▶ [What you need to do] Among the entries that follow, the required portion opens with the line containing "300308中際旭創(chuàng)贏家極反通道工具" and closes with the line containing "How often do you brush your teeth?". Give that portion again exactly, and nothing else.

─── Information provided ───

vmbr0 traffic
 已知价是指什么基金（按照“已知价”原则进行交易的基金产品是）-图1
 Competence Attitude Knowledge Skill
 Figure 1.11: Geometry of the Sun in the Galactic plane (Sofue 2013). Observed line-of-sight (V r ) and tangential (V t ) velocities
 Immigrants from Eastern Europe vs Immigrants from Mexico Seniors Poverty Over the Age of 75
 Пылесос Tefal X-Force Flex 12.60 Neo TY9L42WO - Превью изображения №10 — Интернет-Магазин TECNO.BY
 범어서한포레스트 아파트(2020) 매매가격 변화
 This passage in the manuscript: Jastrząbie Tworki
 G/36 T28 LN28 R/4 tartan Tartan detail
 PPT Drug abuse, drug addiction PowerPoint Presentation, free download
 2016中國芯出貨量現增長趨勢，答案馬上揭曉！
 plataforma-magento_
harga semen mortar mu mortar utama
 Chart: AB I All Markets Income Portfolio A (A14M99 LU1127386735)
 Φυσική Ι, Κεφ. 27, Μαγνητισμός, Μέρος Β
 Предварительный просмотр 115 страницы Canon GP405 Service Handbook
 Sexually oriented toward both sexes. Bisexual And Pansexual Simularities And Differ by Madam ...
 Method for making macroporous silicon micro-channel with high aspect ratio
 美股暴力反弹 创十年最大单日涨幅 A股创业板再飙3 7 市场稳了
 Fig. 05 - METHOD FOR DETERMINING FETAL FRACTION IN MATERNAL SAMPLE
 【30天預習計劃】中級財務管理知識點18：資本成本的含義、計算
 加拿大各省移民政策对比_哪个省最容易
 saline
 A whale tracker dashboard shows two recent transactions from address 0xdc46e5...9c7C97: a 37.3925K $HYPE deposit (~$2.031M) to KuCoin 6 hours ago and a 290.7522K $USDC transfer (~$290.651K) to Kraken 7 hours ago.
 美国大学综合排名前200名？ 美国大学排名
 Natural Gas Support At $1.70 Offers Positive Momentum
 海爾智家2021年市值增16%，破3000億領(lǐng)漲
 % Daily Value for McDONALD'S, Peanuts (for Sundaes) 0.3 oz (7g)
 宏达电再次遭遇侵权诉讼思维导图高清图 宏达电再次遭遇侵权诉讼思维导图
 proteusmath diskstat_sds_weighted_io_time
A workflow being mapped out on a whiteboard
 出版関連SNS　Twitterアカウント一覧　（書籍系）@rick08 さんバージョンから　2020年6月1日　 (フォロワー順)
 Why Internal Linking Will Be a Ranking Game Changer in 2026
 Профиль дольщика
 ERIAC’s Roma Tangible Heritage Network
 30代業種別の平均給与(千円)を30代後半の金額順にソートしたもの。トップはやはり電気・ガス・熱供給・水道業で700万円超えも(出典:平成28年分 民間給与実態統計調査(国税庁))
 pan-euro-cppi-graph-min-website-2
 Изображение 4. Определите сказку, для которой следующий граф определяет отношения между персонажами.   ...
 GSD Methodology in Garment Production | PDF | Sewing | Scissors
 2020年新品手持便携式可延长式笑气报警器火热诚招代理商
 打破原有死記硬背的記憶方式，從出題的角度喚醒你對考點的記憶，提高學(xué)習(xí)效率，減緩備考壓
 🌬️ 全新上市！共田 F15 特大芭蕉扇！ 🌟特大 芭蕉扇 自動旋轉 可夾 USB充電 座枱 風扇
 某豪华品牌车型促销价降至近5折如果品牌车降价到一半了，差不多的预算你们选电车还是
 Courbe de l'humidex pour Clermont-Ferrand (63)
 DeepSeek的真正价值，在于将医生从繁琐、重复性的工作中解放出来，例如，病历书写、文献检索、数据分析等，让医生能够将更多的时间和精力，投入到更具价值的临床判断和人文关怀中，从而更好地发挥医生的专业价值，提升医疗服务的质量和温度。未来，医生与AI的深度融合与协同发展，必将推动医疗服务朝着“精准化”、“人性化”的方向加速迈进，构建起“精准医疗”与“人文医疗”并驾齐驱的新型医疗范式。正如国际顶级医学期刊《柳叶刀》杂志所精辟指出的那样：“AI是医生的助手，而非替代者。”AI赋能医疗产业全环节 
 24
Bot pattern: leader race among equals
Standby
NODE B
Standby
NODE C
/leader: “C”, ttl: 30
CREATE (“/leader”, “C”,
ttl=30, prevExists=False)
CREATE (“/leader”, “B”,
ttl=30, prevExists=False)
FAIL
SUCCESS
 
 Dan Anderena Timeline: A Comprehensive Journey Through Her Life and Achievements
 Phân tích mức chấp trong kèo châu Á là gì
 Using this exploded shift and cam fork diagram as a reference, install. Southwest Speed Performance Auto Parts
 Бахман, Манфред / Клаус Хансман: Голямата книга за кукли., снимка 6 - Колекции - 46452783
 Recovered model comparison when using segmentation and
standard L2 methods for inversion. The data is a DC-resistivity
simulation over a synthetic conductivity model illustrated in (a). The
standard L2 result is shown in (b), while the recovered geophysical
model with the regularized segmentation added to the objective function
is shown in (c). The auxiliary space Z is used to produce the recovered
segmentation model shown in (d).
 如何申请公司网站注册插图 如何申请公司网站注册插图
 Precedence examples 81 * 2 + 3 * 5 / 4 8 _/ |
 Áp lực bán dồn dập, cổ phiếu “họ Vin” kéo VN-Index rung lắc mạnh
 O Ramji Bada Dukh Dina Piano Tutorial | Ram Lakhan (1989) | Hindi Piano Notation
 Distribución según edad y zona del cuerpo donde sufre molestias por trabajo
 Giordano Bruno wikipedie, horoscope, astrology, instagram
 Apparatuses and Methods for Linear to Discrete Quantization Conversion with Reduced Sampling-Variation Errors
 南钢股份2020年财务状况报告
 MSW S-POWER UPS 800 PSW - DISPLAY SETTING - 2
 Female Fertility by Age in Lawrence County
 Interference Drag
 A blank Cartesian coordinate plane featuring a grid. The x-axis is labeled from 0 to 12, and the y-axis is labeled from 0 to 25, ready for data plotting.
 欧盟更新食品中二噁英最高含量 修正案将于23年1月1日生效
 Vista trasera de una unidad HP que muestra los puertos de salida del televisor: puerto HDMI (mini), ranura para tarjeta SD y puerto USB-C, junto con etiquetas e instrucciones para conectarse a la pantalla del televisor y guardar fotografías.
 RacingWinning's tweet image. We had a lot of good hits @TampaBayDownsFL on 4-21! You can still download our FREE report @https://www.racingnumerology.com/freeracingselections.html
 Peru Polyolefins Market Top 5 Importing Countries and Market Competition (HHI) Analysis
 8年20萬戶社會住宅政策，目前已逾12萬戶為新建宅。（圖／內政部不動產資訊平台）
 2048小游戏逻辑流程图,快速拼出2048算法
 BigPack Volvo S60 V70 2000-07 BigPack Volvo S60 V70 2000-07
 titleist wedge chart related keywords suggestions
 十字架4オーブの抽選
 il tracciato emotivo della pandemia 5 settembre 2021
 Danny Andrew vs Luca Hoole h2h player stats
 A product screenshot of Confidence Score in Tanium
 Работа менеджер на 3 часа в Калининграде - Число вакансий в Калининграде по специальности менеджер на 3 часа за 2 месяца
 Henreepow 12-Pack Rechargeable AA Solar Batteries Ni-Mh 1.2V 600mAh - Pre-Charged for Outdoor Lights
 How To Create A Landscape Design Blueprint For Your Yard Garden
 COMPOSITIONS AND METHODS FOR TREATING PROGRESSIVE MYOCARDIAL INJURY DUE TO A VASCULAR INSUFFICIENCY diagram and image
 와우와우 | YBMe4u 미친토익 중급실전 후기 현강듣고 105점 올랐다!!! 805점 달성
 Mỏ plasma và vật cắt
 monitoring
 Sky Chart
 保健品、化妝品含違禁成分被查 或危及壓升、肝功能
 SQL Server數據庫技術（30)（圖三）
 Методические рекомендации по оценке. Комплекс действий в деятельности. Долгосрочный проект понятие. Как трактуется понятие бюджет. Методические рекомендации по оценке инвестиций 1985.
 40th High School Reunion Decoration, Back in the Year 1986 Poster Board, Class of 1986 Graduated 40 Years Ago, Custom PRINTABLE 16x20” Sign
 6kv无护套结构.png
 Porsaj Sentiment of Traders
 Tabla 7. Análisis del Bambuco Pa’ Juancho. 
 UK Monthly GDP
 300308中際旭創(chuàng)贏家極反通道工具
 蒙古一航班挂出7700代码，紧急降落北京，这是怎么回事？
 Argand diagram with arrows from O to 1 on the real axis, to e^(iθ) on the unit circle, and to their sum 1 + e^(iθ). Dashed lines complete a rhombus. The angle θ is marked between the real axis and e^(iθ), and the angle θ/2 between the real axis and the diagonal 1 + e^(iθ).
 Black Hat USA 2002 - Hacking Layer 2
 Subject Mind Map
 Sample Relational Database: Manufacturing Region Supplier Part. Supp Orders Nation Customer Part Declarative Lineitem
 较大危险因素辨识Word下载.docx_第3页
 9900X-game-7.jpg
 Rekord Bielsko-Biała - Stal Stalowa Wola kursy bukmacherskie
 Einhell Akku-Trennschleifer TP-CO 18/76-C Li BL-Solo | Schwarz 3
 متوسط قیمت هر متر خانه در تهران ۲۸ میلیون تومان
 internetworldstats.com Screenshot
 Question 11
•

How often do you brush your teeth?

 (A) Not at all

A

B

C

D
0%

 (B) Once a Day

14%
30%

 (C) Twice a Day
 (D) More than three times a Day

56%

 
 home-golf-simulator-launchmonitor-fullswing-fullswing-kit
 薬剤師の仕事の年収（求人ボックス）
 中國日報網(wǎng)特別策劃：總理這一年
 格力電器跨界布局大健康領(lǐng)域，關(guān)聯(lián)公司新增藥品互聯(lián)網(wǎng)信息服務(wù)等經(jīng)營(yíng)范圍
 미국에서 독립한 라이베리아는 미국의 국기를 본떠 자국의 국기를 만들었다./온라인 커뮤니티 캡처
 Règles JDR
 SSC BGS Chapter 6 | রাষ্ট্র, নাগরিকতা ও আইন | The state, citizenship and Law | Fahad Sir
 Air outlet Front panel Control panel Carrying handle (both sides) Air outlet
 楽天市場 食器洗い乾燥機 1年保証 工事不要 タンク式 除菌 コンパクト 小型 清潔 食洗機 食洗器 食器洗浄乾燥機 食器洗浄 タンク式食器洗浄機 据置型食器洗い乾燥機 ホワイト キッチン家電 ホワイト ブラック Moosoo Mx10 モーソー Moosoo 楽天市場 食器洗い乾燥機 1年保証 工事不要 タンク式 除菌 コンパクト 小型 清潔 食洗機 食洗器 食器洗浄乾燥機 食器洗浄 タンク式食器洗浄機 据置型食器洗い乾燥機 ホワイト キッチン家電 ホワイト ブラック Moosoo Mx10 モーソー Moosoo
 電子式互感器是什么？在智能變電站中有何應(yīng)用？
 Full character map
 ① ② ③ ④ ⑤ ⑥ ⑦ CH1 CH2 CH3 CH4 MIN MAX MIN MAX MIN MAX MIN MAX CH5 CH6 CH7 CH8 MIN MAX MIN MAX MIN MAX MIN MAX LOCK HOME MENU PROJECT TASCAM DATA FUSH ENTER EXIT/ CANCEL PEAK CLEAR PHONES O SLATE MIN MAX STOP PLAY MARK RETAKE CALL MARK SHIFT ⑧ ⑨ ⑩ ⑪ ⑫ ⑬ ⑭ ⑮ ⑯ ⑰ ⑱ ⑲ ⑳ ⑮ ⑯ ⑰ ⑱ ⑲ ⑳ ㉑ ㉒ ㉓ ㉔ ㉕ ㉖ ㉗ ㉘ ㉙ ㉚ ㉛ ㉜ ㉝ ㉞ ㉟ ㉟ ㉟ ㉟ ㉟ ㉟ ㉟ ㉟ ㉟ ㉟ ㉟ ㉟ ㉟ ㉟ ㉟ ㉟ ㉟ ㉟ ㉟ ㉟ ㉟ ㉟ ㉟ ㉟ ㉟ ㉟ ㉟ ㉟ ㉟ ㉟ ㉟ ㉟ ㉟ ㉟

───

▶ [Exercise solution]
 300308中際旭創(chuàng)贏家極反通道工具
 蒙古一航班挂出7700代码，紧急降落北京，这是怎么回事？
 Argand diagram with arrows from O to 1 on the real axis, to e^(iθ) on the unit circle, and to their sum 1 + e^(iθ). Dashed lines complete a rhombus. The angle θ is marked between the real axis and e^(iθ), and the angle θ/2 between the real axis and the diagonal 1 + e^(iθ).
 Black Hat USA 2002 - Hacking Layer 2
 Subject Mind Map
 Sample Relational Database: Manufacturing Region Supplier Part. Supp Orders Nation Customer Part Declarative Lineitem
 较大危险因素辨识Word下载.docx_第3页
 9900X-game-7.jpg
 Rekord Bielsko-Biała - Stal Stalowa Wola kursy bukmacherskie
 Einhell Akku-Trennschleifer TP-CO 18/76-C Li BL-Solo | Schwarz 3
 متوسط قیمت هر متر خانه در تهران ۲۸ میلیون تومان
 internetworldstats.com Screenshot
 Question 11
•

How often do you brush your teeth?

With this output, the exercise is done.